La síntesis de microondas se llevó a cabo a través del reactor de microondas CEM Discover® SP (CEM, EE. UU.). Se obtuvieron imágenes de microscopio electrónico de barrido (SEM) utilizando HITACHI S-4800 SEM (HITACHI, Japón). Se obtuvieron imágenes de microscopio electrónico de transmisión (TEM) en HITACHI H7650 TEM (HITACHI, Japón). La espectroscopia de rayos X de energía dispersiva (EDS) se determinó en HITACHI SU8010 SEM (HITACHI, Japón). Todas las mediciones electroquímicas se llevaron a cabo en la estación de trabajo electroquímica CHI600 (Chenhua Instruments Co., Shanghai, China). Se usó un electrodo de carbono vítreo (GCE) (4 mm de diámetro) como electrodo de trabajo, un alambre de platino y un electrodo de Ag / AgCl como contraelectrodo y electrodo de referencia, por lo que se construyó un sistema de tres electroquímicos en el experimento. Tecnai G ² realizó imágenes de microscopio electrónico de transmisión de alta resolución (HR-TEM) F30 TEM por debajo de 300 kV en aceleración.

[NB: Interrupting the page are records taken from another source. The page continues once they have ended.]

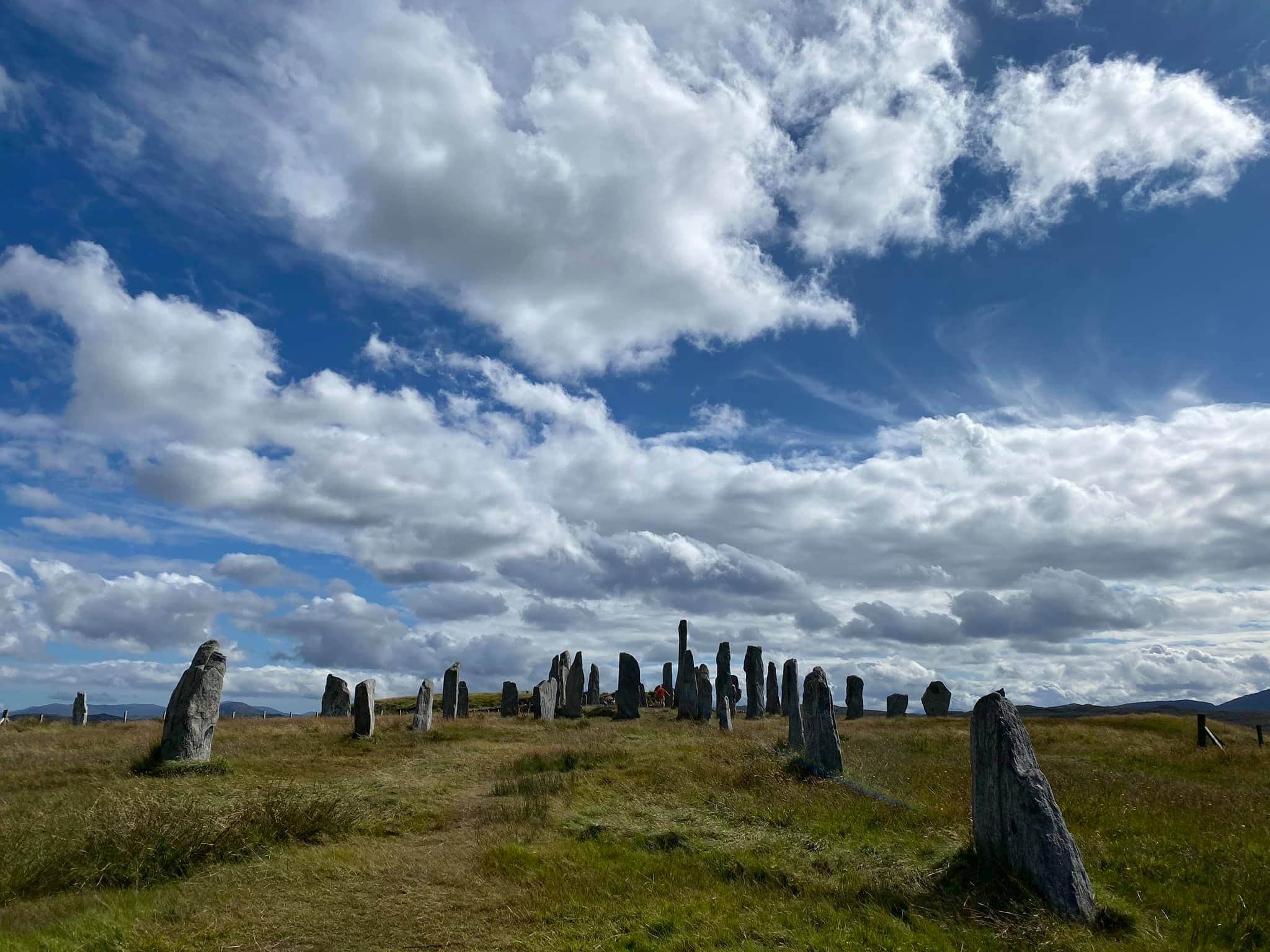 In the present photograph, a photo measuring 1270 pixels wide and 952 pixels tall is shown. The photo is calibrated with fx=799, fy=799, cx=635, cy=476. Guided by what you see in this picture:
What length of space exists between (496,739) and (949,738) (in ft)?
52.3

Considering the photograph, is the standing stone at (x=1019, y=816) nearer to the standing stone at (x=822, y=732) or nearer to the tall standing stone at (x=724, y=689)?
the standing stone at (x=822, y=732)

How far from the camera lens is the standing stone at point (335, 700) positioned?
3747 centimetres

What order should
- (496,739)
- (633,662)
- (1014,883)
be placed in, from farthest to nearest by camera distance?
(633,662) → (496,739) → (1014,883)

Síntesis de nanocompuestos de carbono funcionalizados con Pd

Los nanocompuestos de carbono funcionalizados con Pd (Pd-CNC) se sintetizaron de acuerdo con una literatura publicada previamente [26]. Brevemente, se disolvieron 4 g de glucosa en 40 ml de agua ultrapura para formar una solución transparente. Después, la solución anterior se transfirió a un autoclave de acero inoxidable revestido con teflón de 50 ml y se mantuvo a 170ºC durante 5 h. Después de la reacción, la solución transparente se volvió marrón oscura. Las nanoesferas de carbono obtenidas se recogieron mediante centrifugación y se lavaron con agua ultrapura / etanol varias veces. Los productos resultantes se volvieron a colocar en 8 ml de agua ultrapura.

Para funcionalizar nanopartículas de Pd en nanoesferas de carbono [24], se mezcló 1 ml de suspensión de nanoesferas de carbono con 25 μL de HPdCl ₄ solución. La mezcla se hizo reaccionar en un instrumento de reacción de microondas (250 W) a 100 ° C durante 15 min y luego se enfrió a temperatura ambiente de forma natural. A continuación, las nanoesferas de Pd-carbono obtenidas se centrifugaron, se lavaron con agua ultrapura y se volvieron a colocar en 1 ml de agua ultrapura.

Para evitar la adsorción inespecífica de MMP-7, BSA se modificó aún más en las nanoesferas de Pd-carbono. La suspensión de nanoesferas se agitó con 100 µl de solución de BSA (1% en peso) durante 1 hora a temperatura ambiente. Después de varios pasos de centrifugación y lavado, las nanoesferas de Pd-carbono modificadas con BSA se volvieron a colocar en agua ultrapura y se almacenaron a 4 ° C para experimentos adicionales.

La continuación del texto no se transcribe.